Do júri

Considero o problema do júri um dos problemas mais sérios a serem resolvidos na área da Justiça.

O júri não é órgão integrante do Poder Judiciário. Compete a um Juiz de Direito apenas presidir a sessão de julgamento e prolatar a sentença rigorosamente de acordo com o que for decidido pelos jurados. Os verdadeiros juízes no Tribunal do Júri são os jurados.

O júri é uma instituição eminentemente democrática. O réu é julgado por seus concidadãos. São pessoas selecionadas dentre todas as camadas sociais que passam a constituir o Tribunal do Júri.

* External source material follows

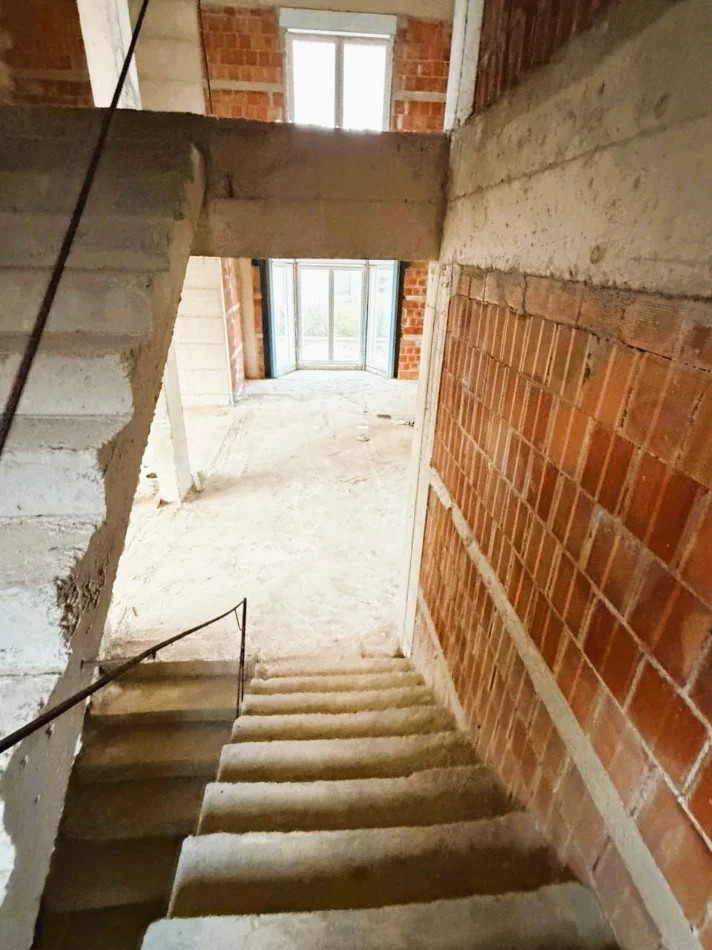 Tirane, shitet Vile Vile 3 Katshe , 1.295 m² 1.650.000 €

Pois bem. A Constituição de 1988 veio dar plena soberania ao júri. Acontece que o Código de Processo Penal permite recurso da sentença do júri, “quando a decisão for manifestamente contrária à prova dos autos”. Como o que é “manifestamente contrário à prova dos autos” depende unica e exclusivamente de análises subjetivas, os Tribunais constantemente anulam decisões do Júri.

Lembro-me muito bem que quando da elaboração da Constituição de 1988 foi apresentada emenda pelo então Deputado, Nyder Barbosa de Menezes, propondo que se fixasse no texto que só seria permitido recurso das decisões do Júri sobre matéria de direito, e não sobre matéria de fato.

Essa emenda resolveria o problema do júri, reconhecendo definitivamente a soberania do julgamento popular. Assim, só caberia recurso acerca de desobediência aos termos da Lei quanto à formação do Júri – p.ex., se havia jurados impedidos, se foram oferecidos prazos para a defesa, se houve nulidades, etc. (matéria de direito). Proferido o julgamento, não se discutiria mais se a condenação estava de acordo com a prova produzida, ou não – ou seja, matéria de fato. Por ser uma excelente idéia e louvável iniciativa, naturalmente não haveria de ser aprovada, como de fato não foi.

Em consequência, o que vemos hoje é o seguinte quadro: o réu comete o crime, é preso em flagrante. Como é residente e domiciliado no distrito da culpa, tem o direito de aguardar em liberdade o julgamento. O Advogado, naturalmente, estando com o seu cliente solto, vai fazer tudo para adiar, o mais possível, o julgamento – requerendo novas provas, pedindo que sejam ouvidas testemunhas residentes em outros Estados, ou de difícil localização, etc.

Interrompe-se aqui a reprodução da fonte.